Workplace Social Media and Email Policies – What Employers Should Know
November 3, 2016
People take to social media to do a lot of things. They share baby pictures. They talk about sports or politics or post photos with their spouses. And sometimes, they post about their place of employment. In addition, out of convenience, people oftentimes use their work email for personal use.
It is these last items that concern employers. After all, employers have a brand, image, customer relationships, and intellectual property to protect. What employers may be surprised to learn is that they are subject to decisions by the National Labor Relations Board (NLRB), whether or not their employees are unionized.
Do you need help drafting a compliant social media, internet, standards of conduct, or corporate email policy for your company? Call CJ at 410.986.0846.

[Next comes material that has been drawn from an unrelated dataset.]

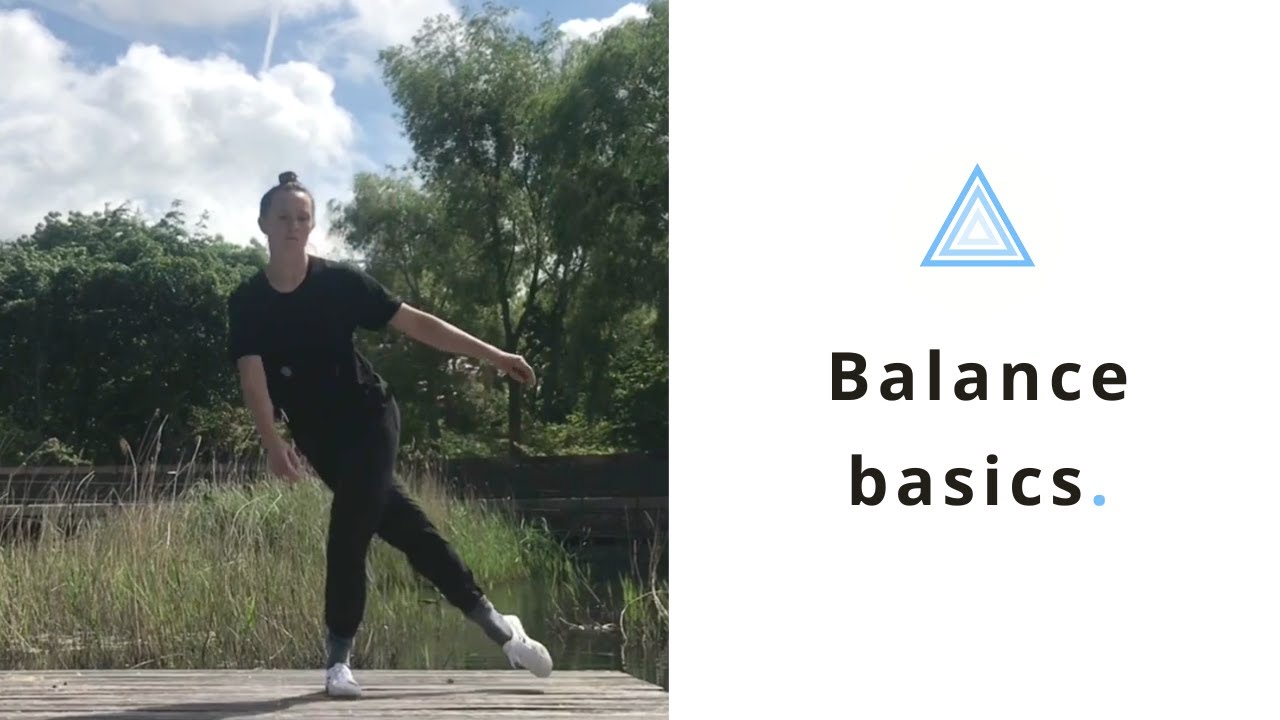 Balance basics - How to start?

The NLRB considers social media spaces such as Facebook, Twitter, Instagram, etc., and even company email, akin to the workplace water cooler. What employees (union and non-union alike) share there, and how and when they share it, may be protected.
Section 7 of the National Labor Relations Act (NLRA) outlines the rights of employees to unionize, to engage in other concerted activity to advance their interests as employees, and to refrain from such activity.

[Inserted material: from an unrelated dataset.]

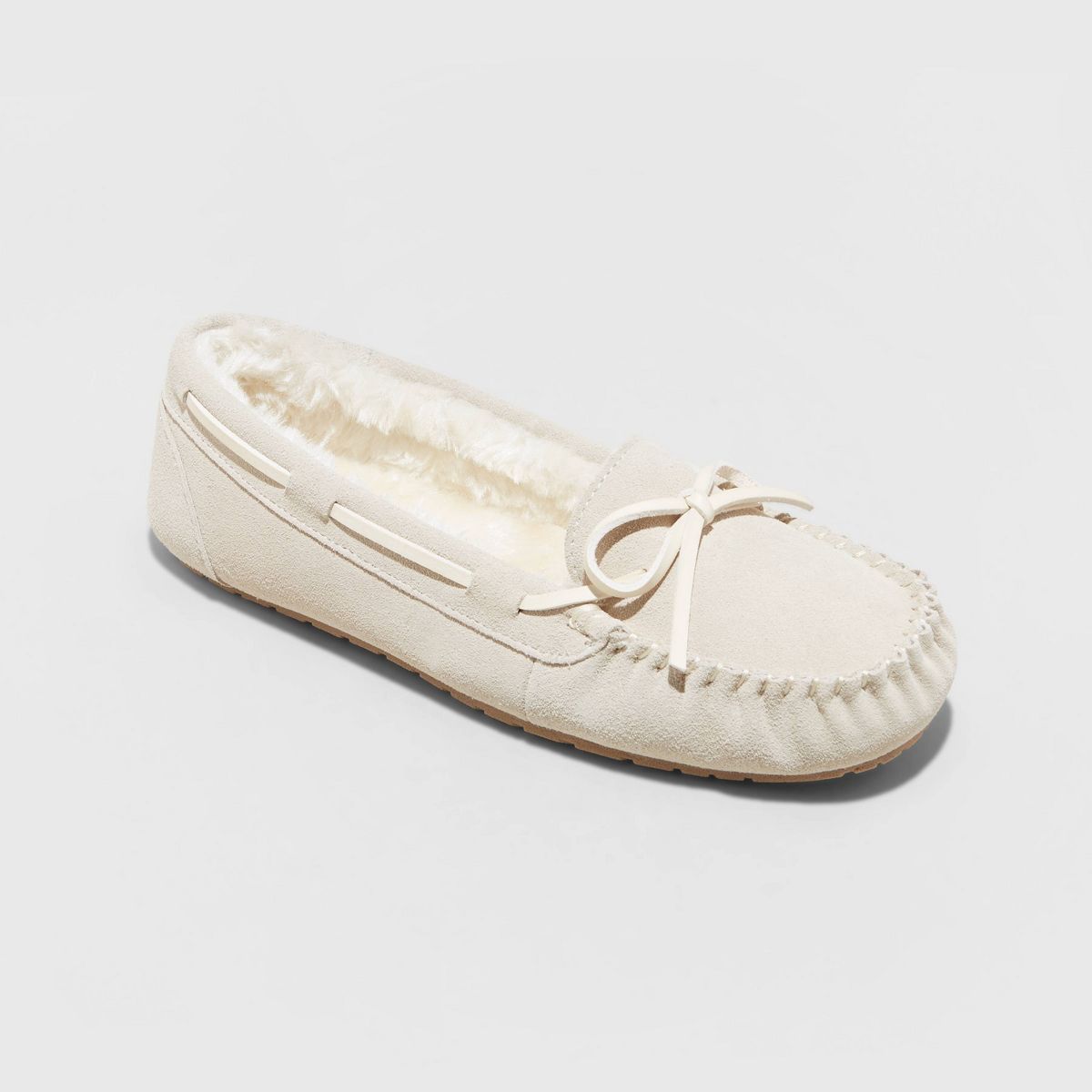 Women's Chaia Moccasin Slippers - Stars Above™ | Target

Section 8(a)(1) of the NLRA makes it unlawful for employers “to interfere with, restrain, or coerce employees in the exercise of their rights.”
In terms of the digital realm, the NLRB considers social media a common and acceptable platform for workers to communicate with one another about wages, benefits, supervisors, or working conditions. Furthermore, according to the NLRB an employee has a right to use his or her work email for such communications during non-working time.
So what does this actually mean for employers?
It means that some of the content employees’ posts on social media, and some of their use of company email, is protected by law — even if employers don’t like the messages.
In the case of Triple Play Sports Bar, the NLRB ruled that the employer violated
the NLRA when it fired two employees who used Facebook to complain about their employer failing to withhold the proper amount of income tax, resulting in the employees owing for taxes.
In the case of Purple Communications, the NLRB decided that, absent special circumstances, an employer could not prohibit the use of company email for concerted activity during non-working hours.
Rest assured, though, not all social media posts are created equal and not all communications are protected by the NLRA. You can read more about these cases here.
So what can employers take away from this?
- Even employers of non-unionized workplaces need to stay informed about NLRB decisions.
- Employers should frequently review and update their employee handbooks. Although a social media or other corporate conduct policy is important to express the employer’s position against harassment, defamation, etc., all policies should be specially tailored.
- At a minimum, social media and electronic communications policies should include a statement that the policy is not intended to keep employees from discussing the terms and conditions of their employment with coworkers.